TASK ITEM :: Reproduce only the lines that begin at the line with "Heyecanlı, şok olmuş" and run to the end of the entries; omit every picture.

EXTRACTED RECORDS ::
= Beginning of Section =

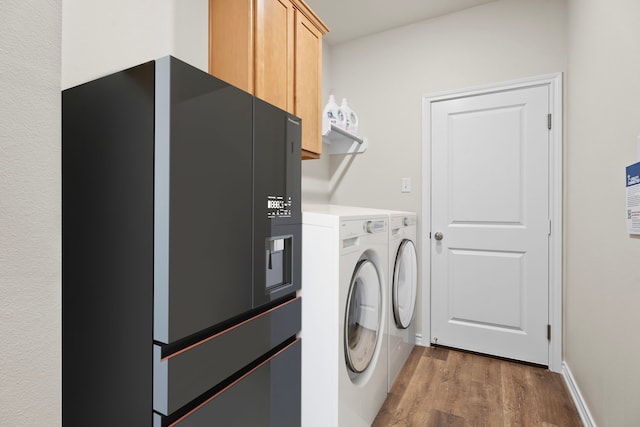 clothes washing area with cabinets, washer and clothes dryer, and dark hardwood / wood-style floors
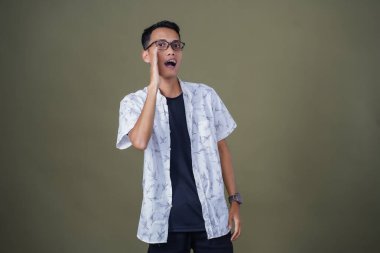 Heyecanlı, şok olmuş ya da heyecanlı bir poz. Ağızdan ağıza bağırıyordu. Gözlüklü, sıradan beyaz tişörtlü Asyalı bir adam askeri yeşil arka planda izole edilmiş...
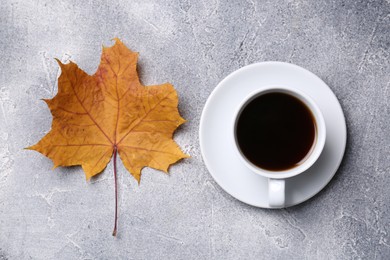 Cup of hot drink and autumn leaf on light grey textured table, flat lay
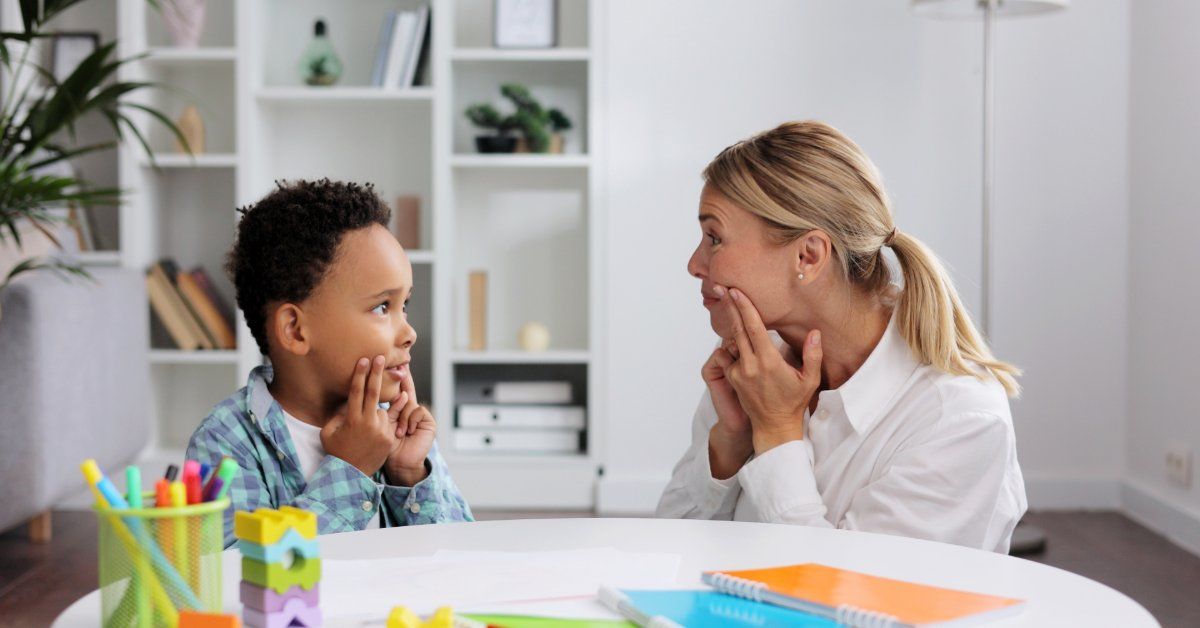 A therapist and a young boy mirror face-touching gestures at a table with colorful learning toys.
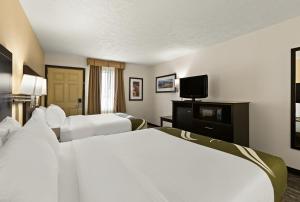 a hotel room with two beds and a flat screen tv at Quality Inn Traverse City in Traverse City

= End of Section =

RESULT FOR THIS EXERCISE ::
 Heyecanlı, şok olmuş ya da heyecanlı bir poz. Ağızdan ağıza bağırıyordu. Gözlüklü, sıradan beyaz tişörtlü Asyalı bir adam askeri yeşil arka planda izole edilmiş...
 Cup of hot drink and autumn leaf on light grey textured table, flat lay
 A therapist and a young boy mirror face-touching gestures at a table with colorful learning toys.
 a hotel room with two beds and a flat screen tv at Quality Inn Traverse City in Traverse City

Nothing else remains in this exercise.